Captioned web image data
***
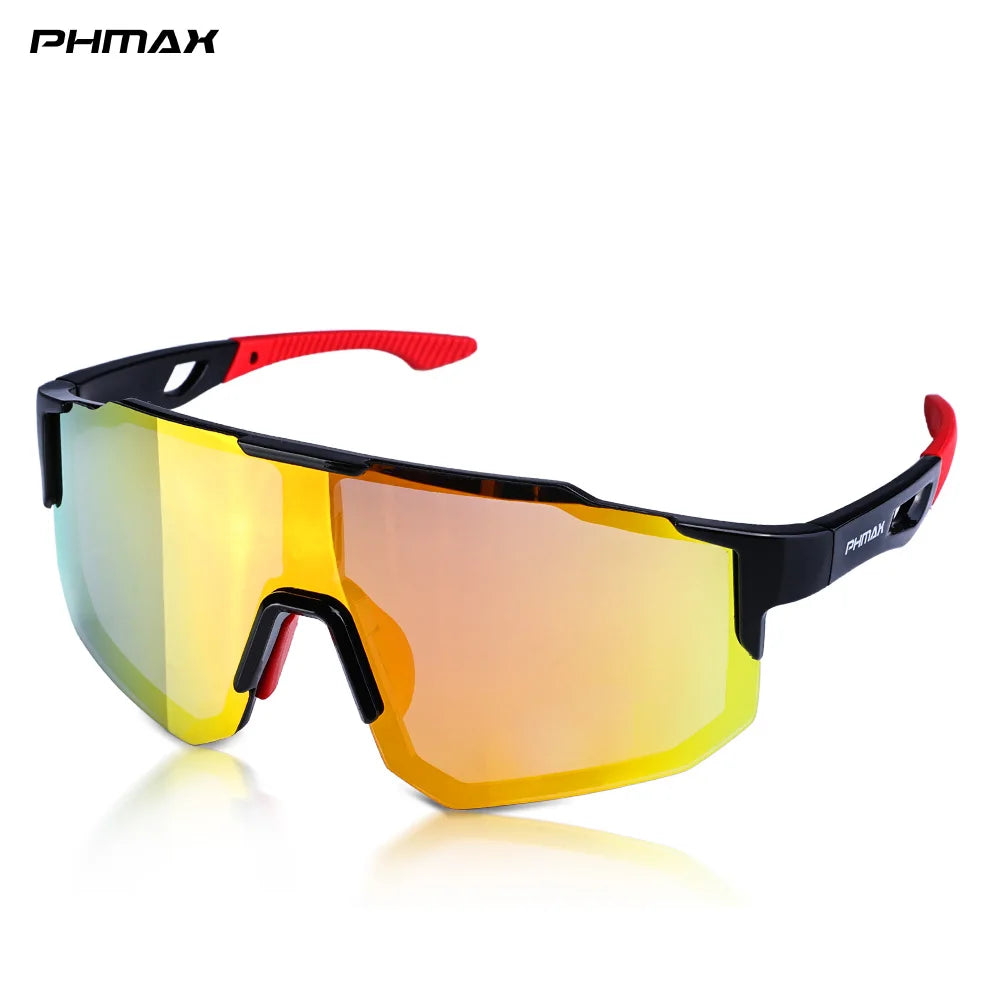 PHMAX Polarized Cycling Glasses Ultralight MTB Road Bike Glasses Sun Protection Men Polarized Bicycle Sunglasses Goggles Oasis Select P-YJ-933702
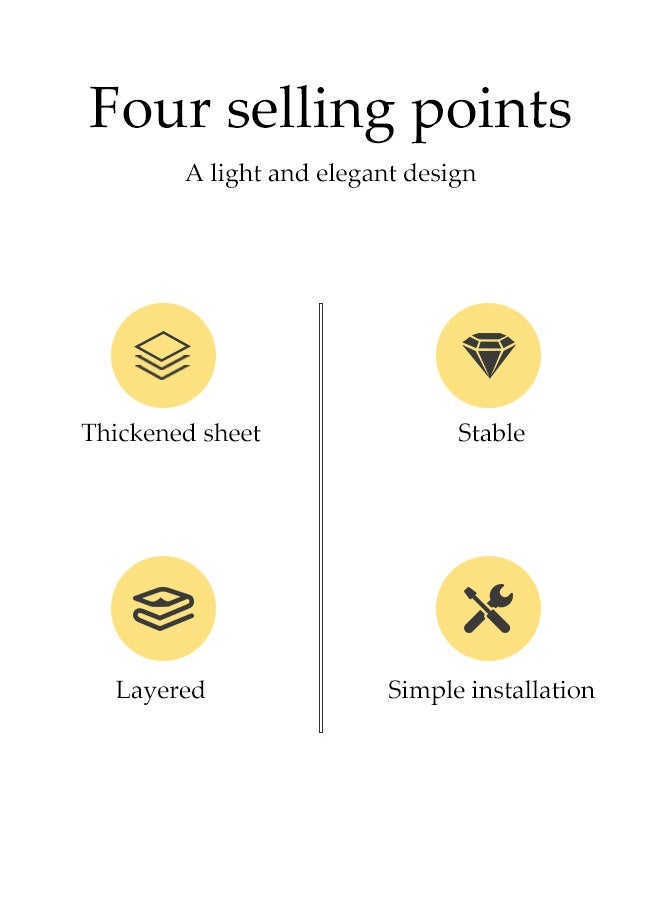 DUNISO TWO-Layer Floating Shelves, Decorative Wall Shelves，Wooden Storage Rack，Free Combination，Suitable for Living Room, Bedroom, Bathroom，Light Walnut Color - Image 3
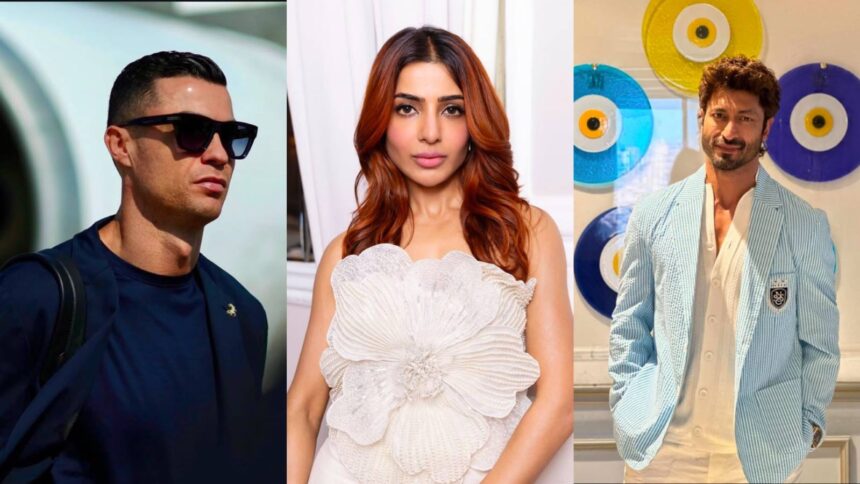 Top celebs Cristiano Ronaldo, Samantha Ruth Prabhu take the ice bath challenge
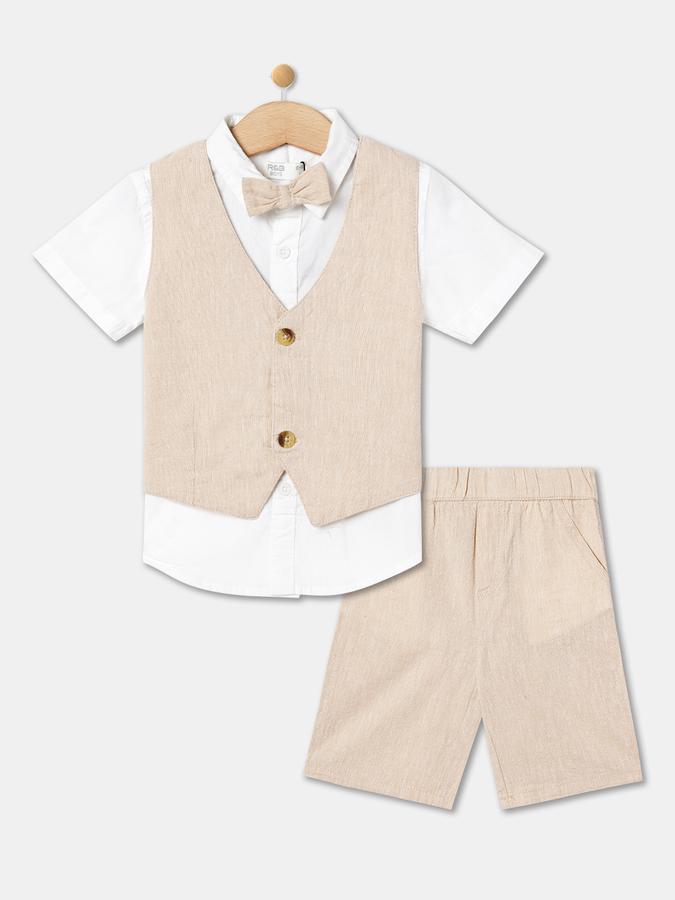 R&B Boys Beige Fashion Sets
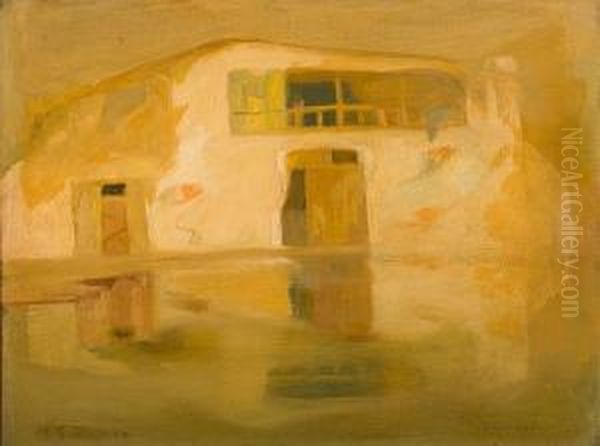 House By The Sea Oil Painting by Michalis Economou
***
TASK TO COMPLETE =
The line that contains "Top celebs Cristiano" begins the range and the last line of the entries ends it; print that range exactly, without pictures.

ANSWER TO THIS PROBLEM =
 Top celebs Cristiano Ronaldo, Samantha Ruth Prabhu take the ice bath challenge
 R&B Boys Beige Fashion Sets
 House By The Sea Oil Painting by Michalis Economou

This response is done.